Les milieux d'affaires écossais se déchirent à trois semaines d'un référendum d'autodétermination historique, alors que le premier ministre David Cameron attendu jeudi à Glasgow en renfort au camp du «non» à l'indépendance, vante le «marché unique britannique».

Réponse du berger à la bergère : au lendemain d'une lettre de 130 patrons écossais favorables au maintien de l'Écosse au sein du Royaume-Uni, 200 chefs d'entreprises écossais ont signé jeudi une pétition pour l'indépendance de leur contrée septentrionale.

Assez d'être «la vache à lait» de Londres, soulignent ces dirigeants en évoquant implicitement la manne pétrolière en mer du nord.

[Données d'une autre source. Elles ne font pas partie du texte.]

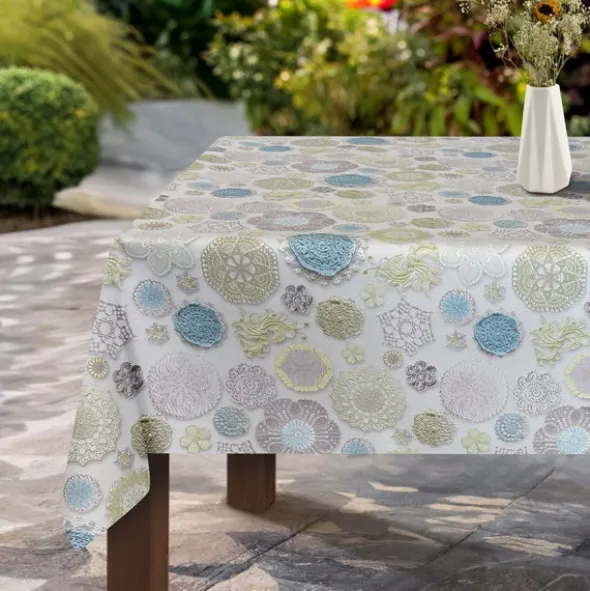 Cerata Na Stół Obrus Ceratowy 140 x 260 Gosia 31
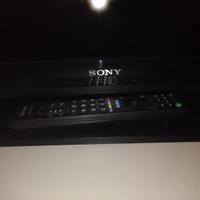 TV Sony 26 pollici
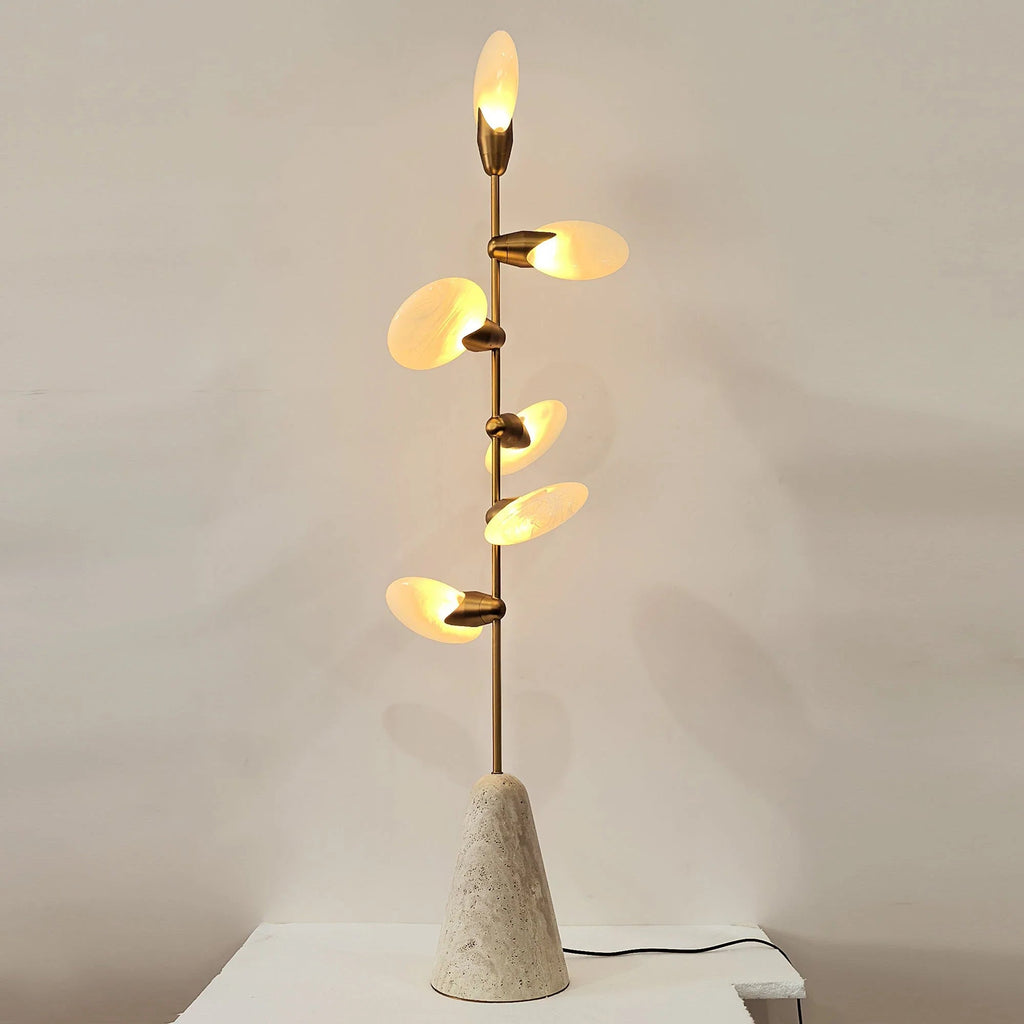 Lyla Floor Lamp - fovolighting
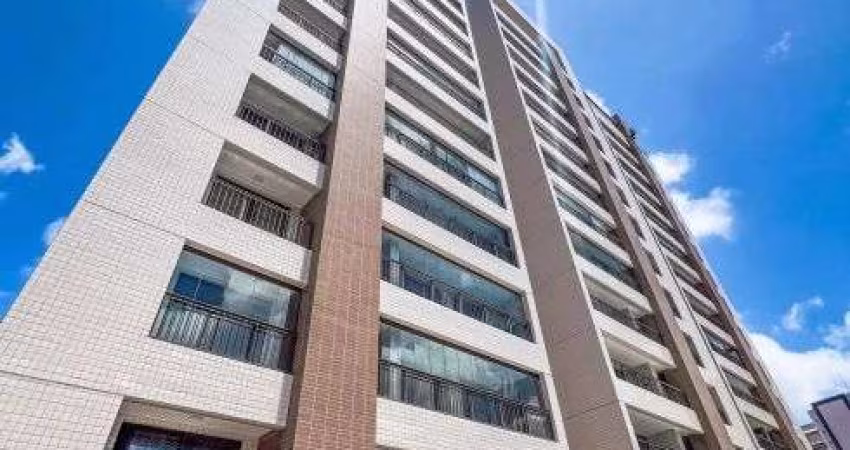 Imóvel para venda possui 106 metros quadrados com 3 quartos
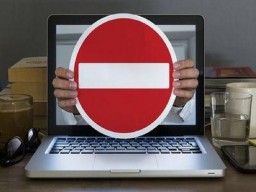 В «ДНР» начались проблемы с интернетом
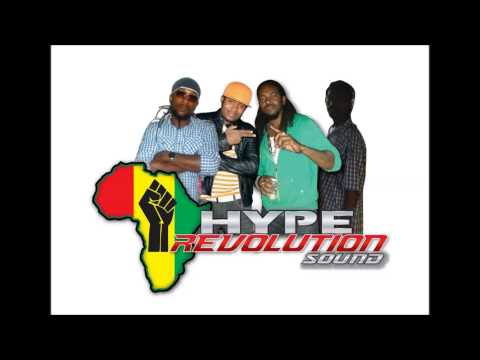 Jaro, Hype Revolution, Black Rose (04)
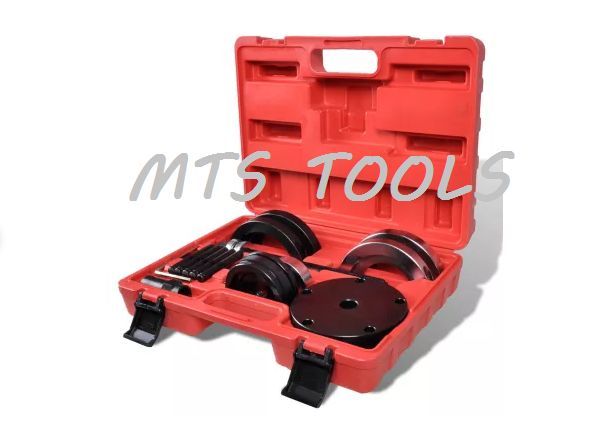 Presa montat demontat rulmenti butuci 85mm VW touareg transporter t5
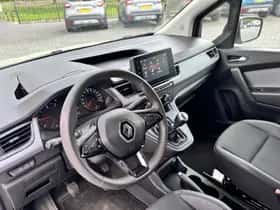 Renault Kangoo (2022) thumbnail 2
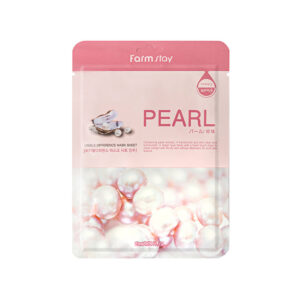 Farm Stay Visible Difference Mask Sheet Pack Pearl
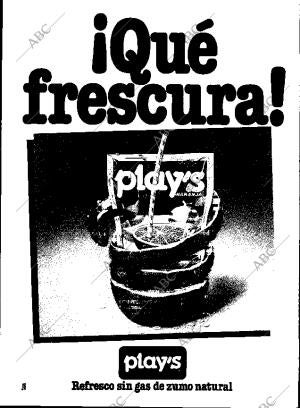 ABC SEVILLA 05-04-1983 página 11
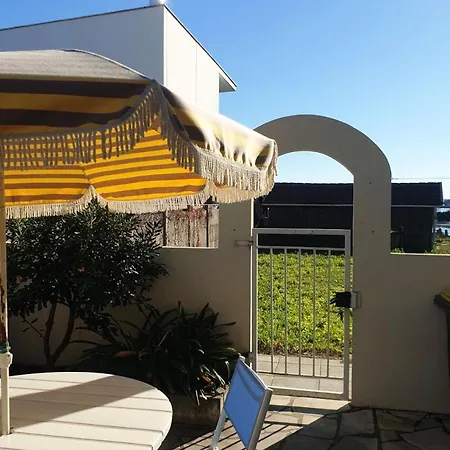 La Calante - Maison Avec Vue Sur Les Pres Sales Mae-9821 Villa *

Il est temps pour l'Écosse de voler de ses propres ailes afin de construire une société «plus juste et prospère».

L'indépendance de l'Écosse, sur laquelle 4,2 millions d'électeurs résidant dans la région devront se prononcer le 18 septembre, offrirait «davantage d'atouts à nos points forts économiques dans un monde de plus en plus compétitif», affirment les signataires de cette lettre publiée dans le quotidien écossais The Herald.

La plupart d'entre eux sont des patrons de petites firmes, mais certains dirigent de grands groupes, comme Brian Souter, président de l'entreprise ferroviaire Stagecoach, le magnat de l'ingénierie Jim McColl ou le gérant de fonds George Mathewson, ex-PDG de la prestigieuse Royal Bank of Scotland.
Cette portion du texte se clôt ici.